Le sujet fait couler beaucoup d’encre. Nous voudrions ici nous focaliser sur un élément essentiel pour soigner le lien : celui de l’unité dans la diversité.
La Trinité est l’essence même de notre foi : trois entités distinctes en une : Le Créateur, le Fils et l’Esprit qui les unit. Le couple est le sacrement de cette Trinité : l’homme, la femme et le couple lui-même créé par le lien l‘amour qui les unit. La famille composée du père, de la mère et de l’enfant reflète à leur façon cette image trinitaire. Des composantes différentes qui, tout en étant unies demandent à vivre en tant que telles.
La vie de ces communautés de personnes n’est possible que si la recherche d’unité s’associe à la différenciation de ces membres. Un couple laissant peu d’opportunités à chacun des partenaires d’être lui-même risque d’imploser. Une famille « très famille » qui entrave la liberté de ses membres dans ses choix et ses prises de distance se prépare paradoxalement à son éclatement.
Accepter la prise de distance et donner du temps au temps permettra à ceux qui s’éloignent de se sentir respectés et peut-être de revenir un jour. Le père du fils prodigue l’avait bien compris ![1]
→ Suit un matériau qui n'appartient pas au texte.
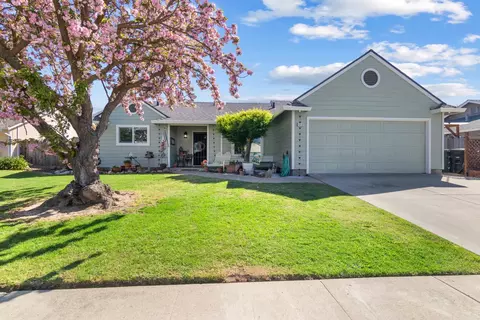13132 Heather Dr, Waterford, CA 95386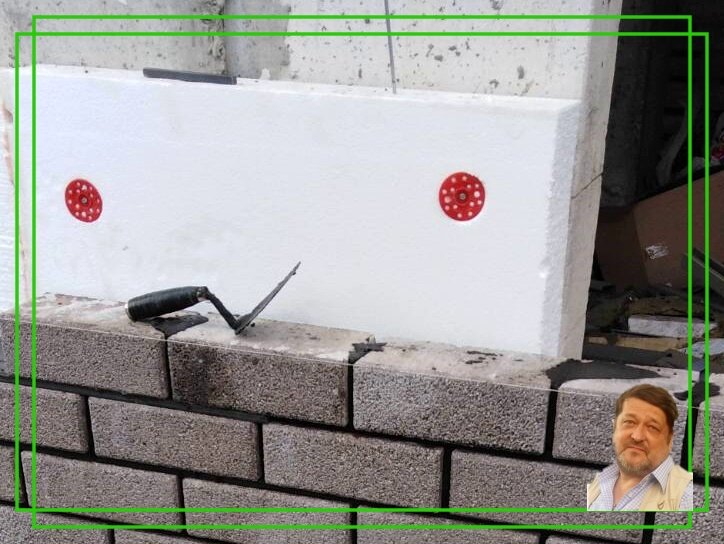 Пенопласт с облицовкой из кирпичей.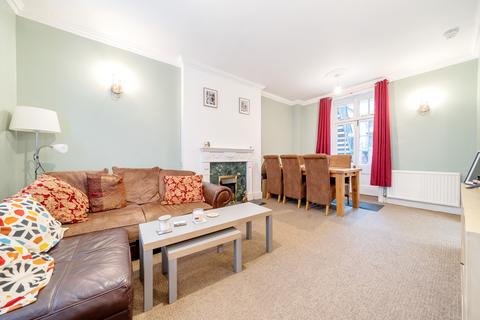 2 bedroom flat for sale, The Octagon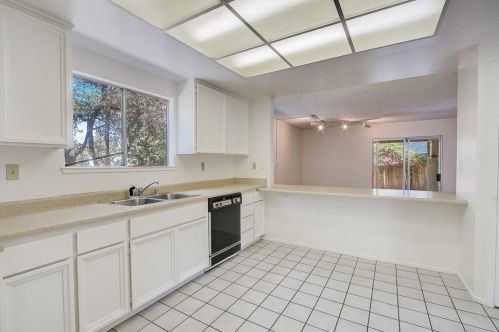 6729 Greenleaf Dr, Citrus Heights, CA 95621-6352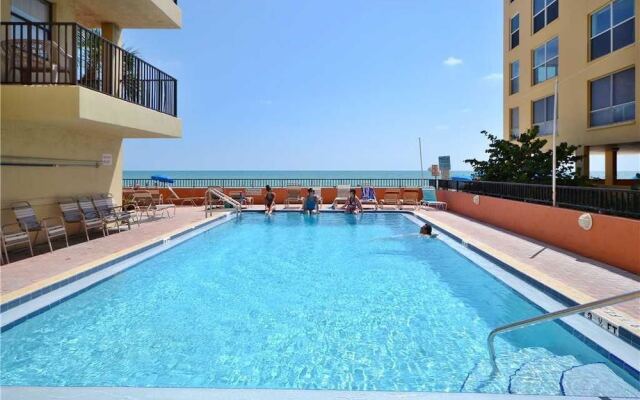 Las Brisas 404 - Three Bedroom Condo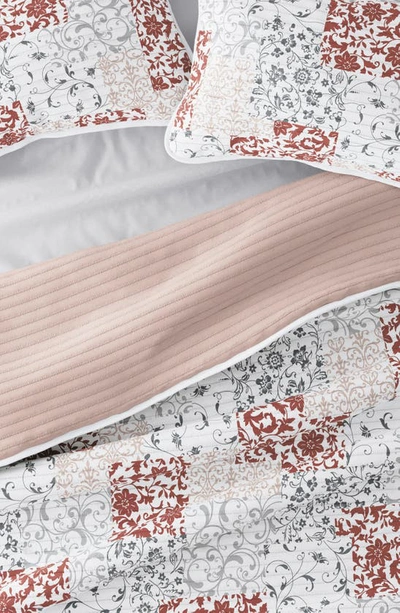 Ienjoy Home 3-piece Scroll Print Quilt Set In Blush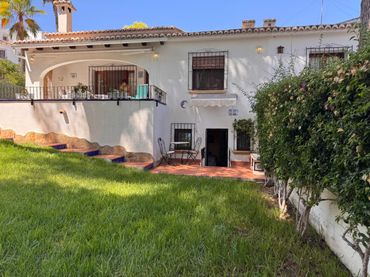 Bungalow con piscina in vendita a Paichi
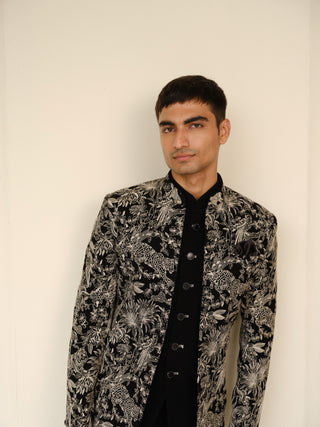 KINGLY BLACK SHRUG JODHPURI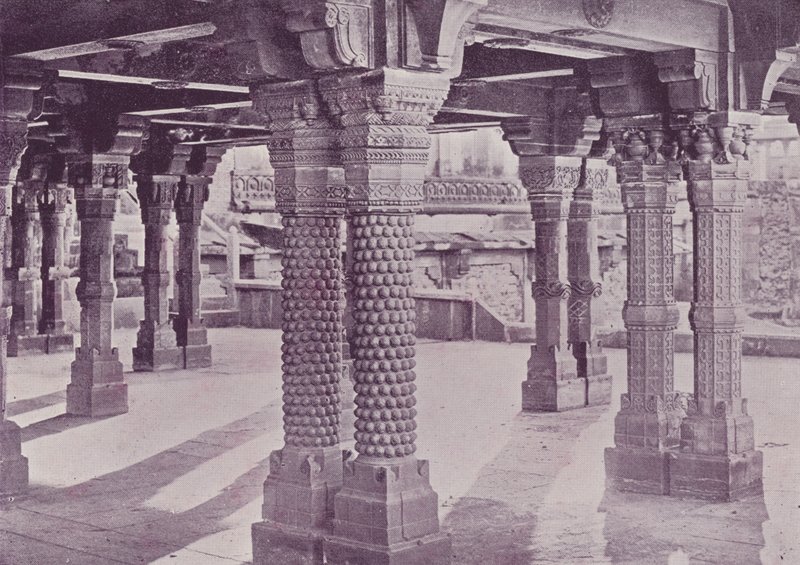 Kaarevat pilarit, Panch-Mahal, Fatehpur-Sikri tekijältä English Photographer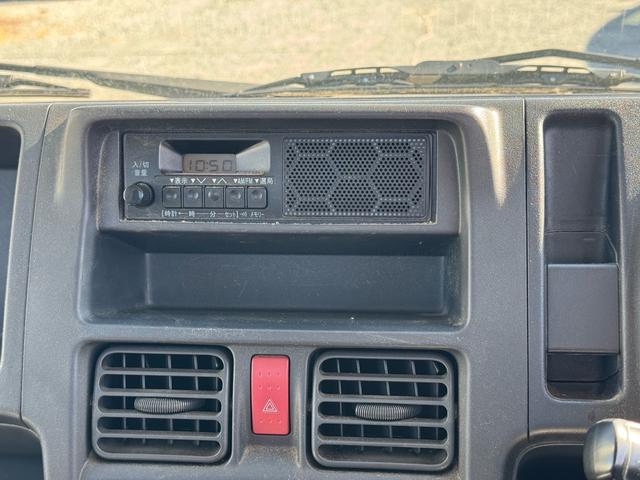 ＮＴ１００クリッパートラック ＤＸ　４ＷＤ　キーレス　エアコン　パワステアリング　５ＭＴ（16枚目）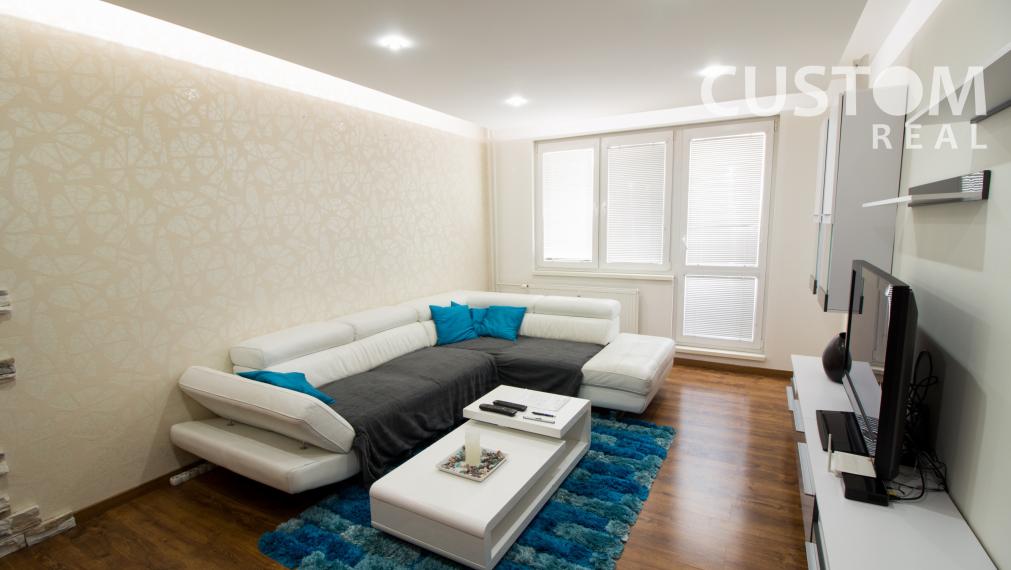 Veľký zrekonštruovaný 4 izbový byt Vlčince na prenájom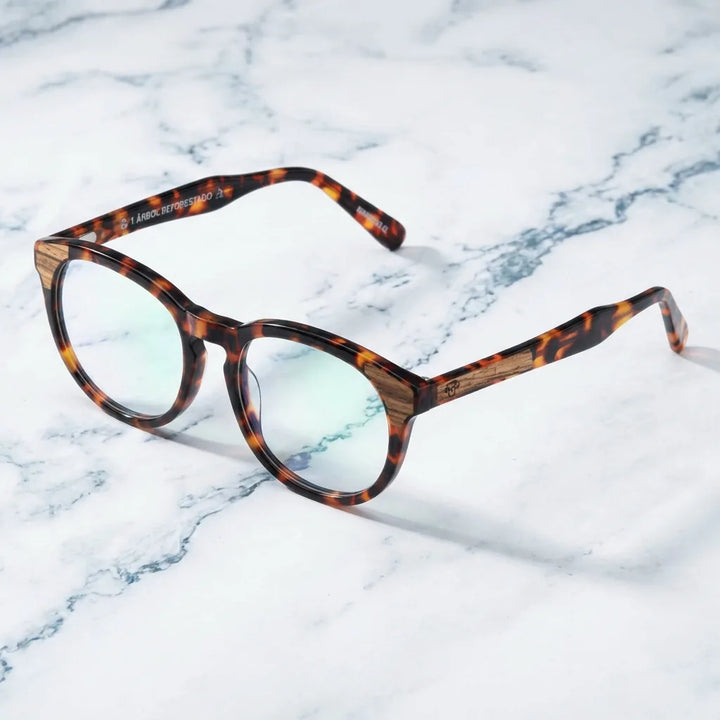Lenses optical chiloe 0084 optical black sobre mármol white elegante frame premium bonoboss #editorial_armazon #color_negro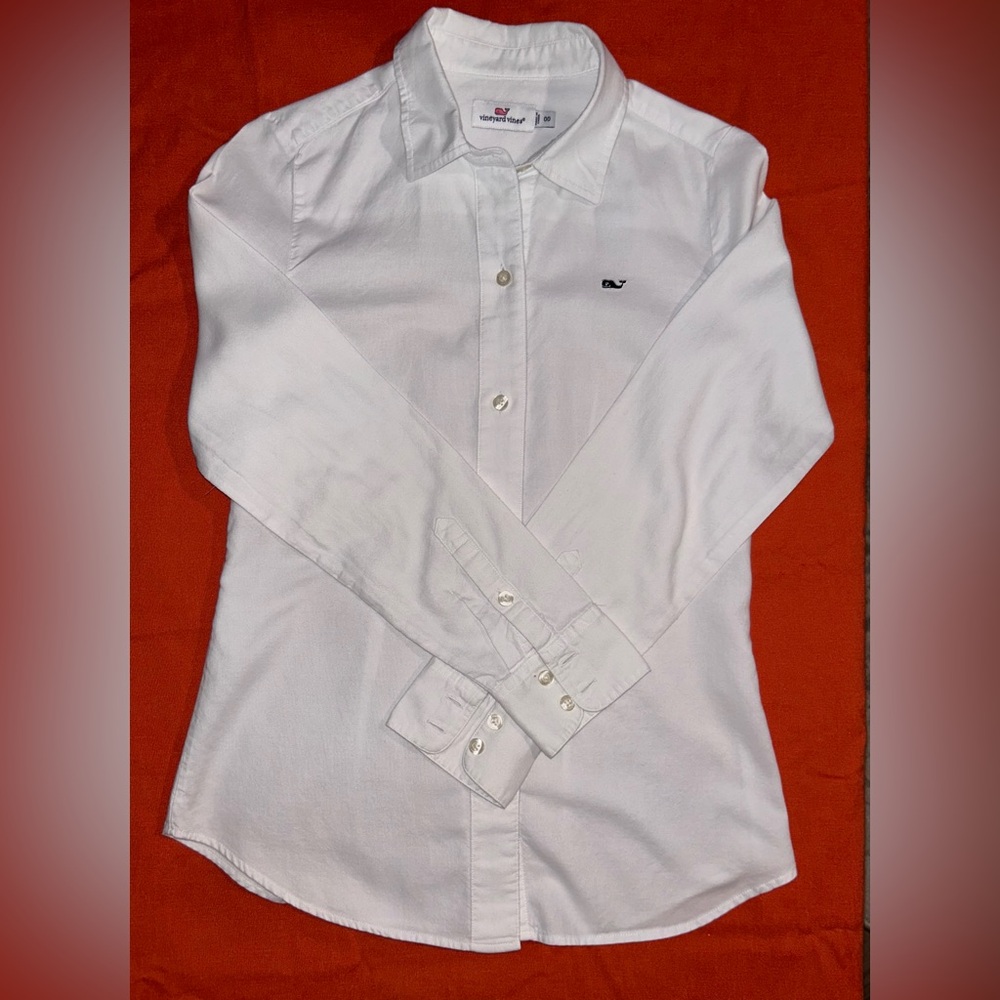 Juniors Vineyard Vines White collared button down blouse, size 00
Chaque groupe, couple, famille a besoin d’inspiration et d’expiration, de rapprochement et d’éloignement. C’est une question de souffle et d’équilibre. L’éloignement permet en effet à chacun de se recentrer, de se réaligner dans sa globalité (de refaire du lien en soi) ; de prendre conscience de la cohérence entre ce qu’il vit, ce qu’il ressent, ce qu’il pense ou souhaite et de se réajuster si nécessaire.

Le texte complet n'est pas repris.